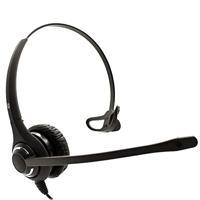 JPL Headset 611-PM Monauraal, met snoer (QD) Quick Disconnect System, Surround Shield Noise Cancelling Microfoon, speciaal ontworpen voor professionele kantoren en contactcentra - zwart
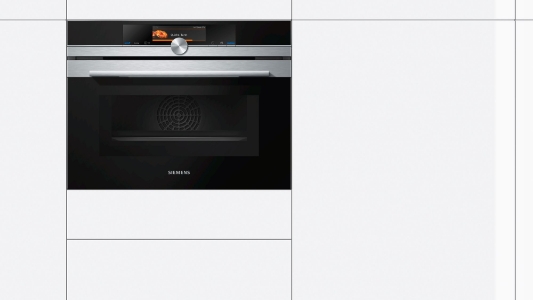 Siemens CM678G4S1 Einbau Kompaktbackofen mit Mikrowelle Edelstahl  Gerätemaße (HxBxT): 455 x 595 x 548 mm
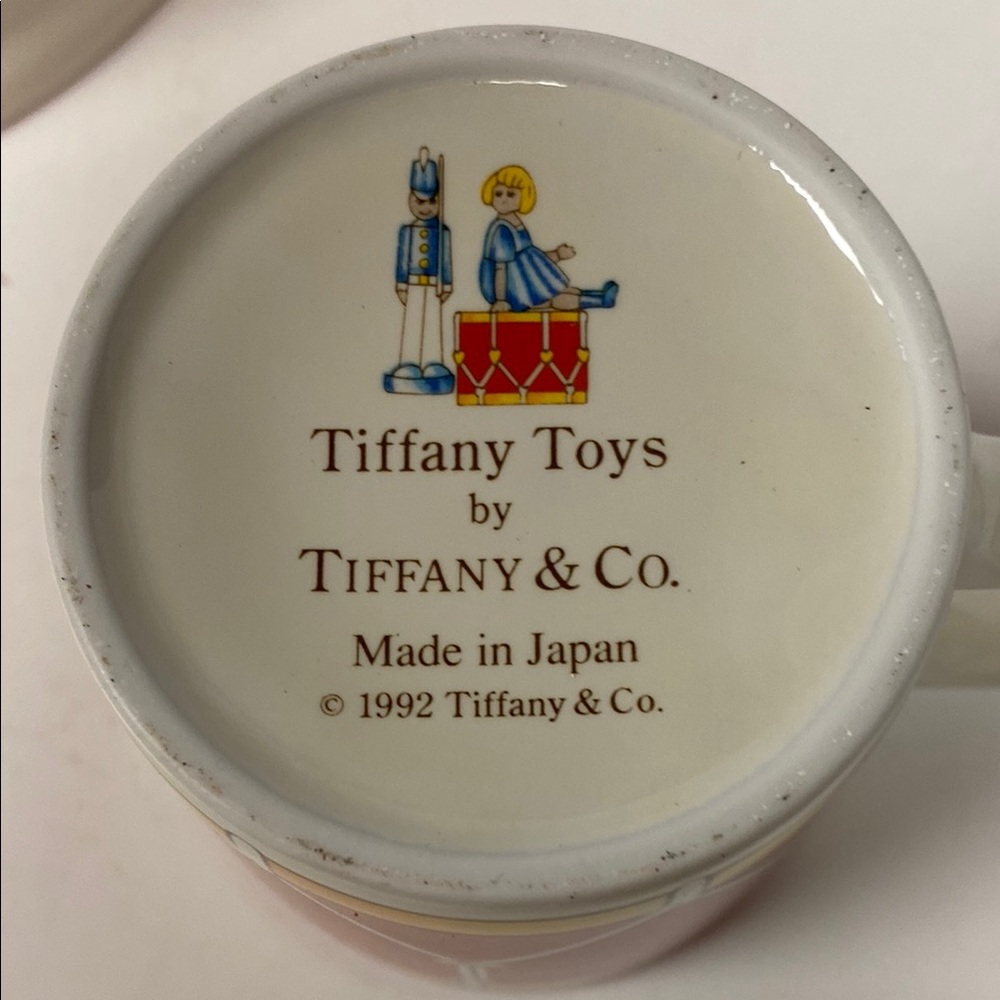 Tiffany & Co. 1992. Vintage three piece Childs dinnerware set.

## Your assignment
Starting at the first line of the material above and ending with the line that contains "Siemens CM678G4S1 Einbau", reproduce every line exactly, and leave out the pictures.

## Finished exercise
 JPL Headset 611-PM Monauraal, met snoer (QD) Quick Disconnect System, Surround Shield Noise Cancelling Microfoon, speciaal ontworpen voor professionele kantoren en contactcentra - zwart
 Siemens CM678G4S1 Einbau Kompaktbackofen mit Mikrowelle Edelstahl  Gerätemaße (HxBxT): 455 x 595 x 548 mm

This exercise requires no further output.